Рафаэль медленно спустился по ступенькам, не сводя глаз с Тиган, которая то била меня, то обнимала. Глубокие, мучительные рыдания вырывались из её маленького тела. Он открыл пассажирскую дверь, полностью сосредоточившись на ней.
— Посмотри на меня, Тиган, — сказал он. Его голос струился надо мной, золотистый и тёплый.
Тиган перестала сопротивляться и повиновалась ему.
Он присел перед ней на корточки и заглянул в её глаза. Выражение его лица было таким сострадательным, таким интимным. Я вылезла из машины и отошла подальше.
— Ты хочешь, чтобы я заставил тебя забыть его? — спросил он. — Ты почувствуешь себя лучше.
Она заморгала, глядя на него.
— Ты можешь это сделать? — прошептала она.
— Могу. Ты не будешь помнить, как он умирал.
— Буду ли я помнить... всё остальное?
Рафаэль нахмурился.
— А что ты хочешь помнить?
— Он сказал, что любит меня, — её глаза снова наполнились слезами. — Сегодня вечером. Он сказал, что любит меня.
Я закрыла глаза.
— Как пожелаешь, — сказал Рафаэль, — я могу заставить тебя считать, что он жив, но просто уехал. Так будет лучше?
— Всё что угодно будет лучше, чем видеть, как он умирает снова и снова. Всё что угодно.

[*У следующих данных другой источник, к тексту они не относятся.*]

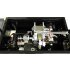 Automatische Umreifungsmaschine 601-PRE, Rahmen: B=1.450 x H=800 mm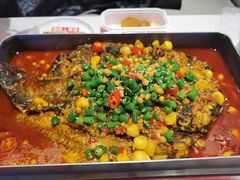 -雅佳神话·麻辣烤鱼(新街口店)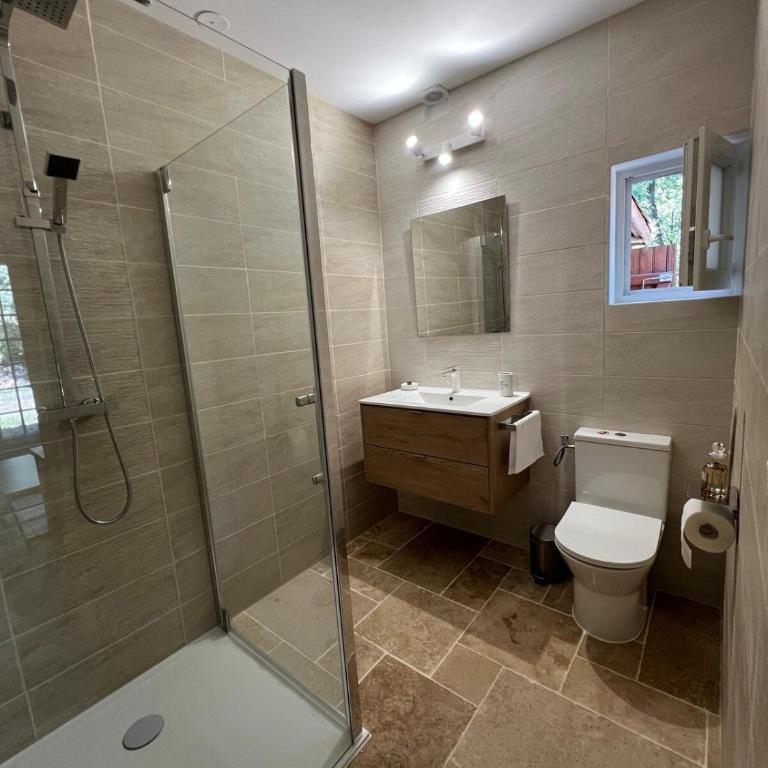 Charming air-conditioned studio with private pool - Appartement 1 Chambre - 7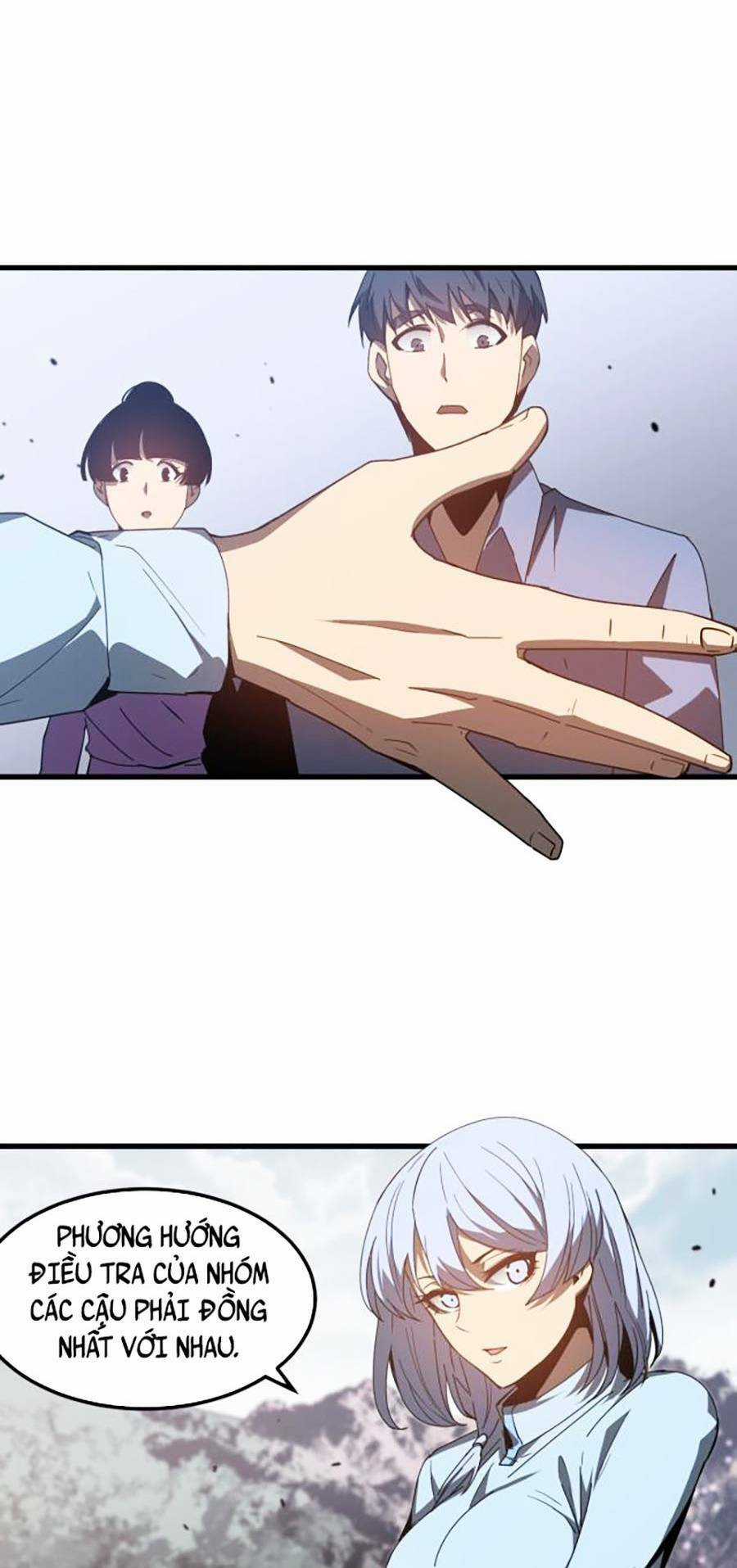 Siêu Phàm Tiến Hóa Chapter 78 trang 13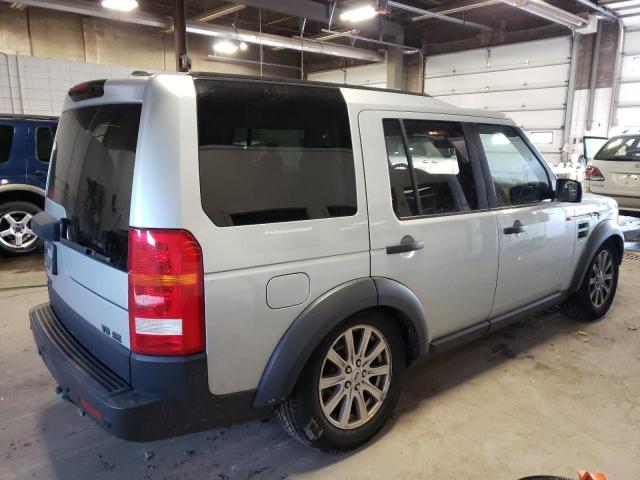 Photo 2 VIN: SALAE25407A421100 - LAND ROVER LR3 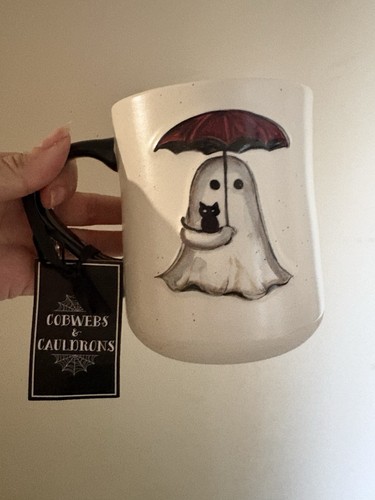 Cobwebs cauldrons ghost - cobwebs, &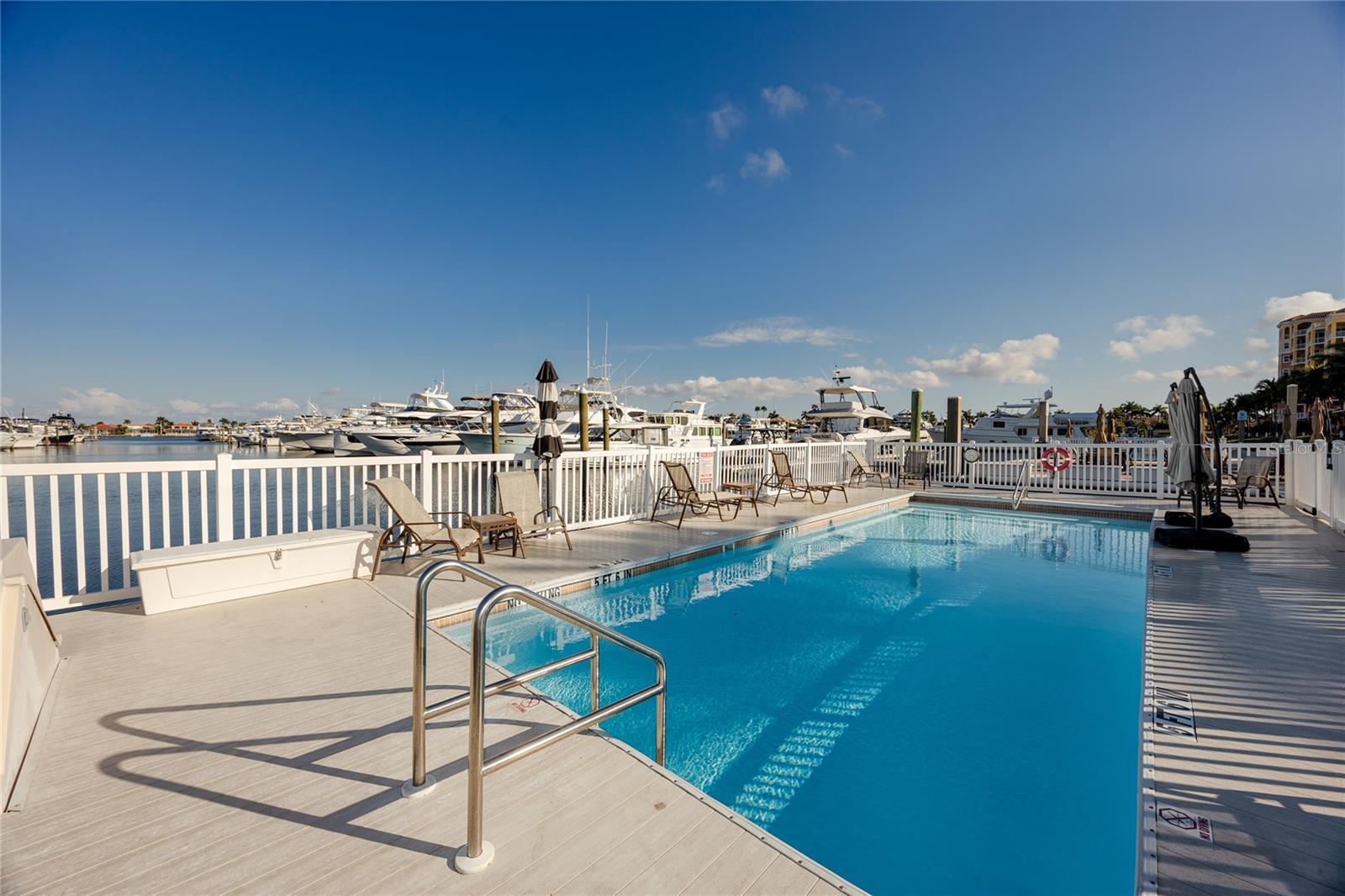 RIVIERA DUNES MARINA PH 3 - Residential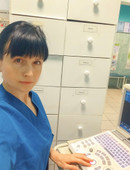 Кузнецова Анастасия Михайловна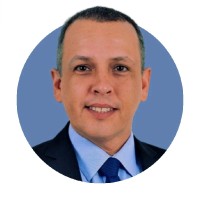 Eduardo Henrique B Silva
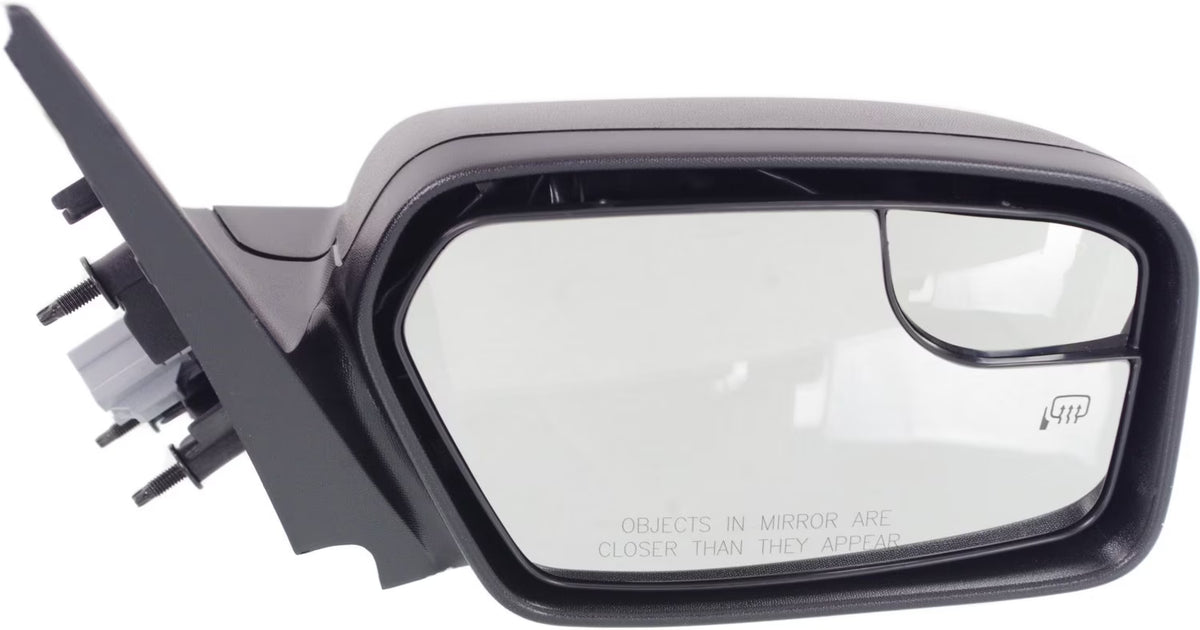 Right Passenger Side Heated Mirror for 2011-2012 Ford Fusion 2011 Mercury Milan K6931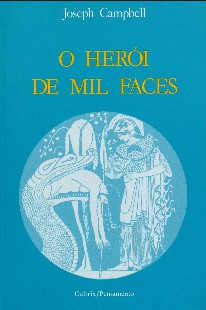 O Heroi de Mil Faces - Joseph Campbell epub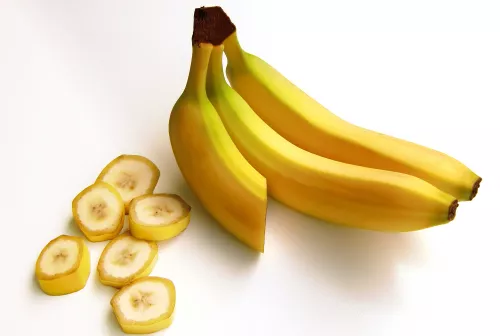 Ретейлеры просят снизить налог на бананы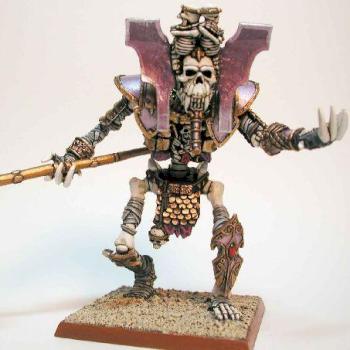 Sehenesmet - Lord of Qatar by ev0c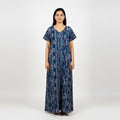 Rasathe Nighty Nightwear for women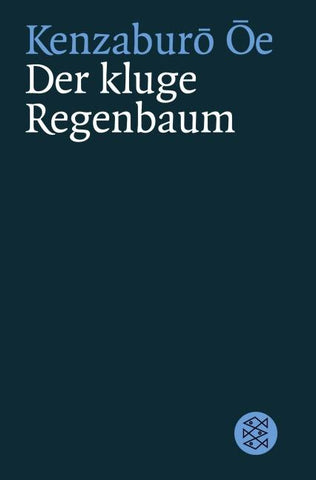 Der kluge Regenbaum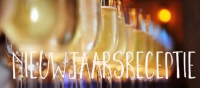 Nieuwjaarsreceptie 2023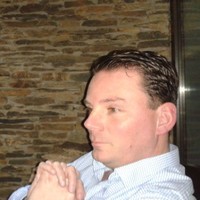 ANZCO Foods Employee Koen Bauters's profile photo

Я углубилась во двор, моя шея пульсировала и болела, онемение гудело вниз по руке и поднималось по лицу, а гнев пульсировал в моём сердце. Рафаэль делал это не ради Тиган. Он отказался забрать мою боль, мою глубокую печаль. И он никогда не исцелял человека, и никогда не вмешивался, чтобы спасти невинного. Он всегда позволял всему идти своим чередом, если только это никак не препятствовало завершению нашей миссии. И теперь он притворялся сострадательным, но только потому, что Тиган могла рассказать людям о Джури, об убийстве Джима, и нашем участии во всём этом. Рафаэль выполнял свою работу — прикрывал Стражей, чтобы мы могли заняться делом, так было всегда.
Тиган кивала, слепо принимая его предложение забыть, потому что она была слишком подавлена горем и ужасом, чтобы подвергнуть это сомнению. Её новой реальностью станет то, что Джим уехал, не попрощавшись. Вместо печали в ней будет жить гнев. Вместо ужаса у неё будет горечь. И я задалась вопросом, а если бы у меня был выбор, захотела бы я верить, что Малачи решил уйти? Или я захотела бы знать, что на самом деле с ним случилось?
Шум в моем мозгу был бесконечным и всепоглощающим, когда я вспомнила его в последние секунды, когда он, запрокинув голову, отчаянно сражался в заранее проигранной битве. Я упала на колени, согнувшись пополам и лишившись чувств. Я не чувствовала ничего от пальцев ног до живота и от груди до головы, кроме разрывающего душу вопля; ничего, кроме боли от того, что я потеряла, совершенно и окончательно. Я никогда не оправлюсь от этого, даже если переживу это. А я этого не хотела. Нисколько. Я не хотела это пережить.